The magnetic coupling has several advantages over a traditional stuffing box.

Some aquariums use magnetic drive pumps, which have a magnetic coupling between the motor on the dry side of an aquarium wall and the propeller or impeller in the water on the other side of the wall.
This coupling features two face-to-face magnetized disks: the driving magnet on the dry side, and the driven magnet on the underwater side. Torque is transferred by shear forces between the attracting magnetic disks, but this attraction can also produce an axial load as the disks pull on each other. There are two main designs for the magnetic pattern on each disk. One design minimizes the axial load by counterbalancing a magnetically attractive section with a magnetically repulsive section near the axis.
The other design maximizes torque and resists the consequential axial load with a mechanical thrust bearing.

A magnetic stirrer is another example of magnetic coupling.

Magnetic couplings are often synchronous, meaning the output shaft speed equals input shaft speed (a 1:1 ratio).

The first few gears in the geartrain of an Omega Megasonic wristwatch have no teeth; instead, magnetic north and south poles on neighboring gears act like the teeth and trough of spur gears, allowing each gear to drive the next gear in the chain.
Such magnetic gears, like spur gears, always have gear ratios consisting of small integers.

More sophisticated magnetic gearings use pole pieces to modulate the magnetic field.
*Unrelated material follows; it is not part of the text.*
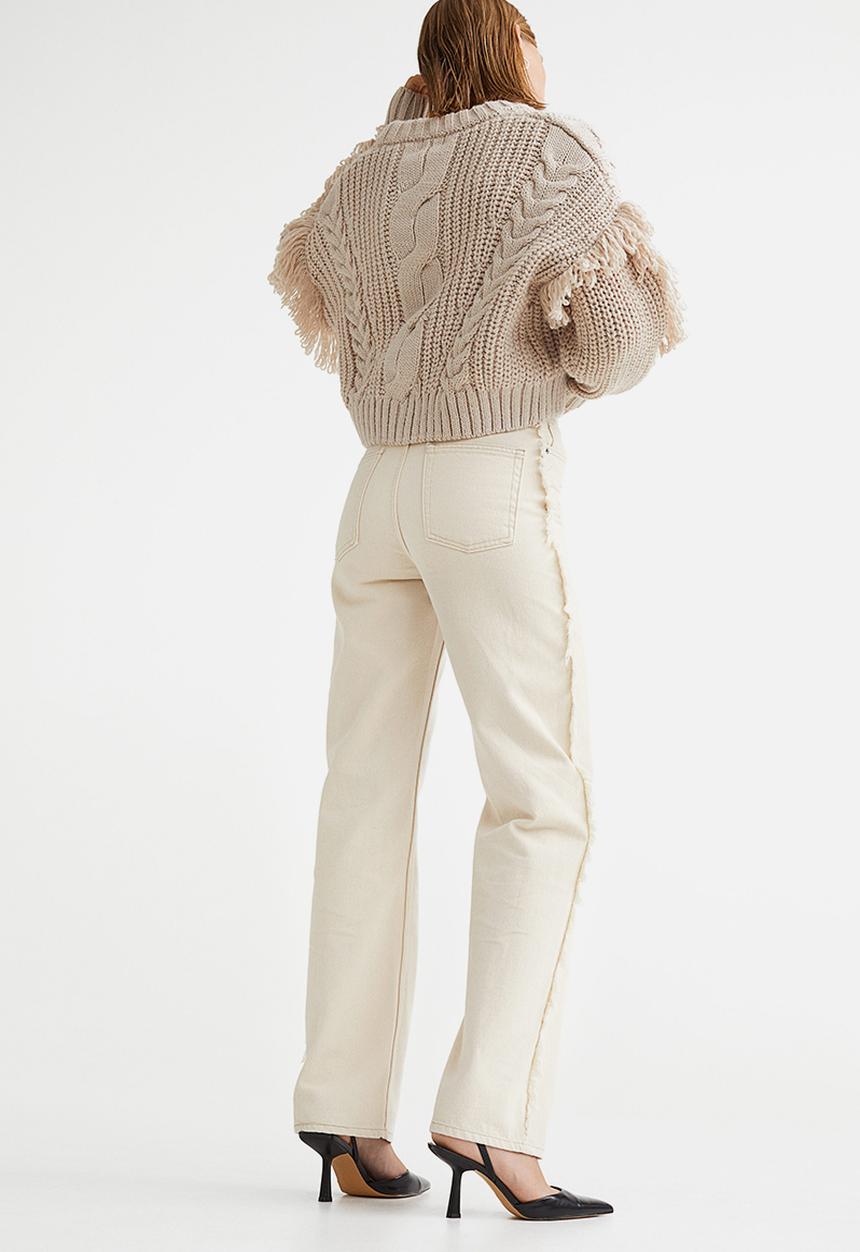 H&M - Straight regular jeans - cream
They can be designed to have gear ratios from 1.01:1 to 1000:1.

== Features ==

Magnetic couplings have some notable properties:

=== No vibration ===
Because there is no contact between the active part and the driven part of a magnetic coupling, and there is no rigid connection problem. Sudden changes and vibrations are not directly transferred across the coupling. Therefore, it can avoid the transmission of vibration, resulting in smoother mechanical operation.
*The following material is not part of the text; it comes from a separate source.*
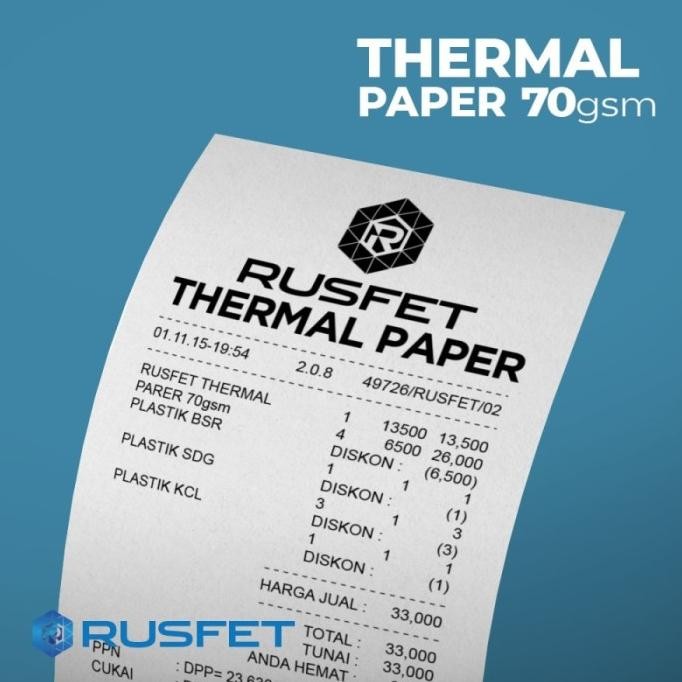 

Kertas Thermal Printer Paper Coreless Resi Barcode Edc Pos 57X30Mm Dus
=== Overload protection ===
Magnetic couplings offer protection against overload during operation. If the load on the driven component becomes too large, the two parts may slip out of sync and end the transmission of torque. This avoids damage to the system, protecting both the motor from excessive loads and the driven component from deformation.

=== Easy maintenance ===
A magnetic coupling transmission device is relatively simple in structure, and there is a gap between the driving part and the driven part, which is easy to install, disassemble, troubleshoot, and maintain.
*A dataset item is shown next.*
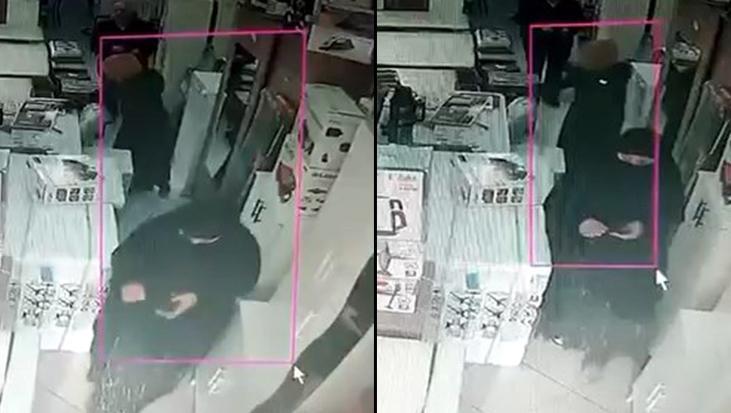 Avcılar’da Çarşaf İçine Saklanan Saç Düzleştirici Olayı: Hırsızlık Güvenlik Kamerasında Kayda Geçti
=== Easy power transmission ===
Magnetic couplings can transmit power via a linear motion, rotary motion, or helical compound motion (a combination of linear motion and rotary motion). The combination of these transmission methods and different mechanical geometry can realize a wide variety of orderly motion in three-dimensional space.

=== Safety ===
Because magnetic couplings do not penetrate the surface they operate across, pumps that use this type of coupling can completely avoid leakage. This is particularly important if the pumped fluid or gas is corrosive, toxic, flammable, explosive, acidic, alkaline, or otherwise harmful. This makes magnetic coupling transmission technology especially applicable in the production of petroleum, chemicals, and pharmaceuticals, and in the industries of offshore oil well operations, non-ferrous metal smelting, wet mineral processing, and food processing.